--- Supplied data ---
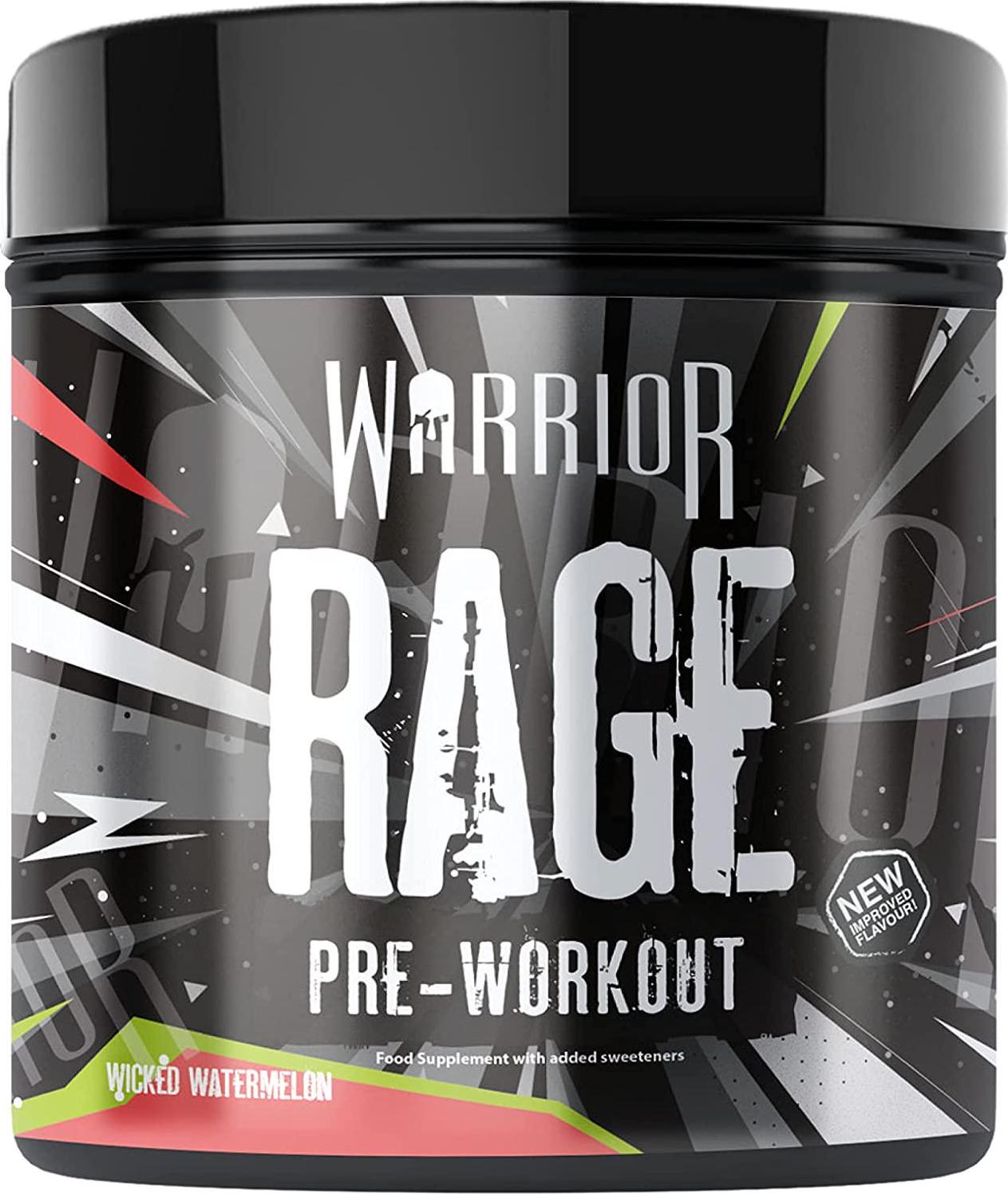 Warrior - RAGE Pre Workout Powder Wicked Watermelon 392g, WA-RG-045-03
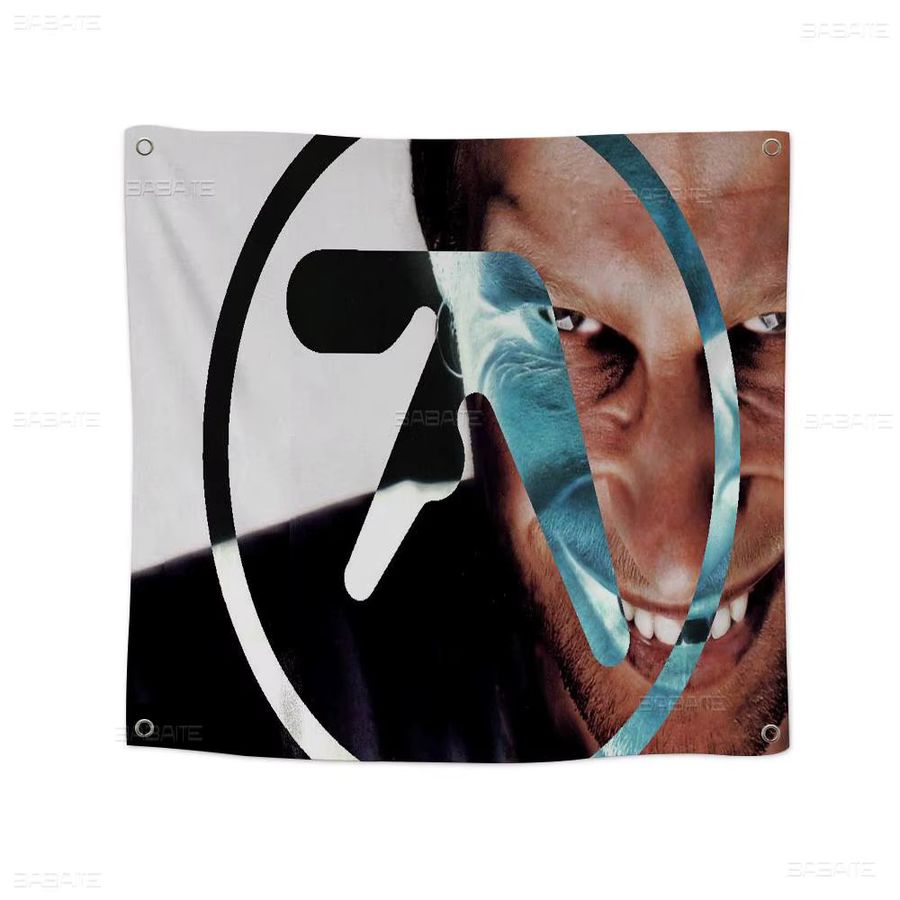 Aphex Twin Cartoon Flagge Wandbehang von Potdemiel als Science Fiction Deko für dein Zimmer - Bild 7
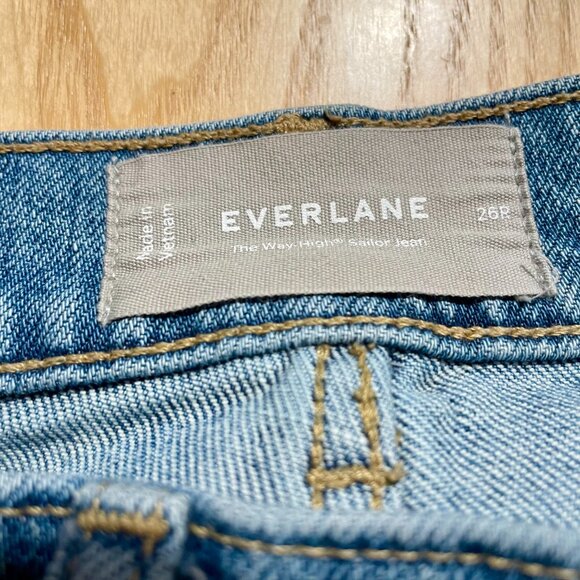 Everlane The Way-High Sailor Jean Tint Blue Size 2R - Picture 5 of 5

--- Exercise ---
Only the pictures are to be left out, and all of the data must otherwise be transcribed exactly.

--- Solution to the problem ---
 Warrior - RAGE Pre Workout Powder Wicked Watermelon 392g, WA-RG-045-03
 Aphex Twin Cartoon Flagge Wandbehang von Potdemiel als Science Fiction Deko für dein Zimmer - Bild 7
 Everlane The Way-High Sailor Jean Tint Blue Size 2R - Picture 5 of 5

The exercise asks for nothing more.